Monday, August 4, 2014

Scanners (1981)


As a child a horror clip-show documentary entitled “Terror in the Aisles”, which was marvelously hosted by Donald Pleasance and Nancy Allen, got me hooked on horror films forever. Within that documentary an image of a man’s head exploding burned its way into my retinas and I knew I had to view whatever film it came from. Thankfully my mother knew exactly what film it was as she saw it in the drive-in as a high schooler. The film was called “Scanners” and soon I found myself scouring the local video stores like a ravenous wolf to rent a copy. After a couple of stops I found it and not only was I graced with an intriguing film enunciated by the famous exploding head sequence, but it was also my first David Cronenberg experience, a director I would come to have a small obsession with.
“Scanners” tells the story of a vagrant named Cameron Vale (Stephen Lack), a man that has spent most of his life roaming the streets in a perpetual fog suffering a from a constant yammering of voices talking in his head and some form of telekinesis. After being caught, a doctor informs him that he is a scanner. It’s a mutation of sorts caused by a birth drug that when harnessed can control the thoughts and manipulate other human beings. The voices in his head can only be quelled with the congenital drug known as ephemerol. Of course behind this drug is the evil corporation staple that wants to use scanners as a governmental weapon and to top it off an evil scanner named Revok (iconically played by Michael Ironside) is recruiting his own Scanner army in order to.. du du du… take over the world!
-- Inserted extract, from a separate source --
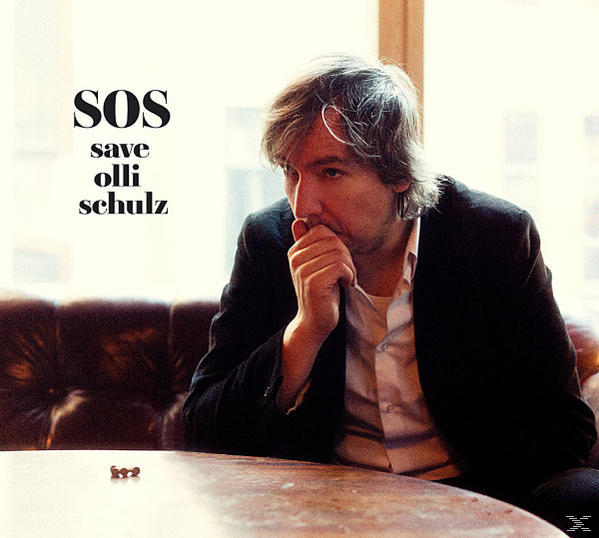 Albumcover. Ein Mann im Anzug wirkt nachdenklich, mit Albumtitel und Künstlername.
“Scanners”, compared to the director’s previous works like “Shivers”, “Rabid” and “The Brood”, is a bit more mainstream however it is still dripping with the Cronenberisms we all love and come to know. His films usually look at the interactions between technology and humans and how one of humanities biggest fears is their body turning against them. That is all present including Cronebergs grim outlook on the synthesis of man and machine, that the humans simply do not know enough or if they do, their arrogance has them charging headfirst into detrimental experiments. Basically "Scanners" is “Cronenberg 101” and is good starting point for anyone wanting to get into what Cronenberg films have to offer as it is a little more accessible than his films prior and some to come without overwhelming the viewer.
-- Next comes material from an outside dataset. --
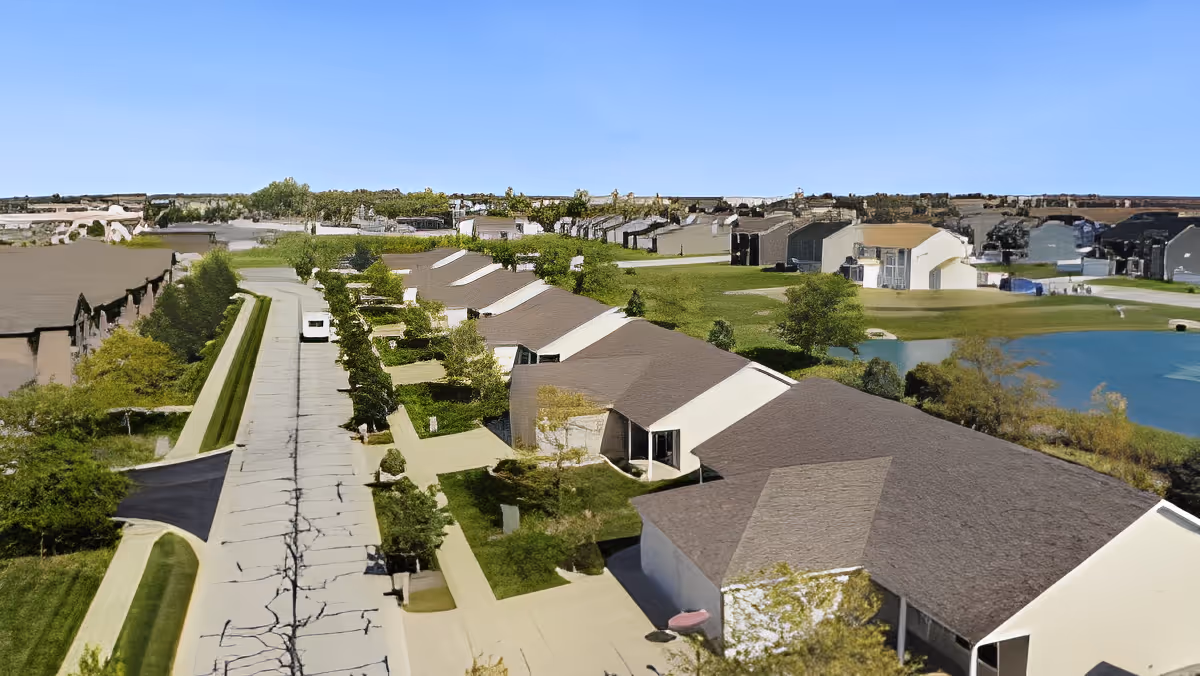 Aerial view of a residential community with single-story homes arranged along a curved road. The area features green lawns, trees, and a small pond on the right side under a clear blue sky.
The cast, for the most part, is great. Including the lovely and elegant Jennifer O’Niell as the scanner love interest, Patrick McGoohan as the strangely aloof Dr. Ruth and Michael Ironside in his career defining role as the off-balance villain. Stephen Lack as our lead however lives up to his name as he lacks in every department for giving an unremarkable and un-charming performance. Seriously this guy has as much charisma as a bed frame and gives a new meaning to the term “wooden”. Some people stick up for his performance as this is exactly what a confused homeless person would act. I don’t buy it and the film suffers tremendously from it. Thankfully there is Michael Ironside to make up for this miscasting for the lead as the film wouldn’t be half as good without him.
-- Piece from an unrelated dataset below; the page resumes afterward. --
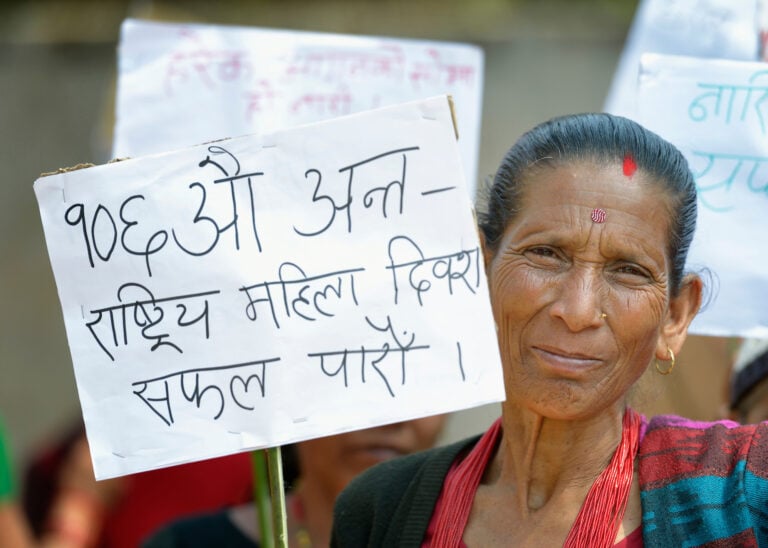 A woman holds a sign during a march celebrating International Women's Day on March 8, 2016, in Dhawa, a village in the Gorkha District of Nepal.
Overall “Scanners” is a solid independent film and I’m glad it was my first foray into the wacky mind of David Croenberg. The slightly tamed “off-the-wall” ideas and lack of depraved sexuality made it far more accessible than his other works around the same era, but at the same time includes all the main staples that we have all come to love from the guy. To top it off it includes one of the sickest and most memorable gore sequences ever to be caught on celluloid. It may not be the best Cronenberg film, but it’s definitely a strong one and catapulted Cronenberg into the mainstream and inspired a host of cheap, and sometimes good, sequels about a decade later. Sequels go as follows: “Scanners II: The New Order”, “Scanners 3: The Takeover”, “Scanner Cop” and “Scanners: The Showdown”.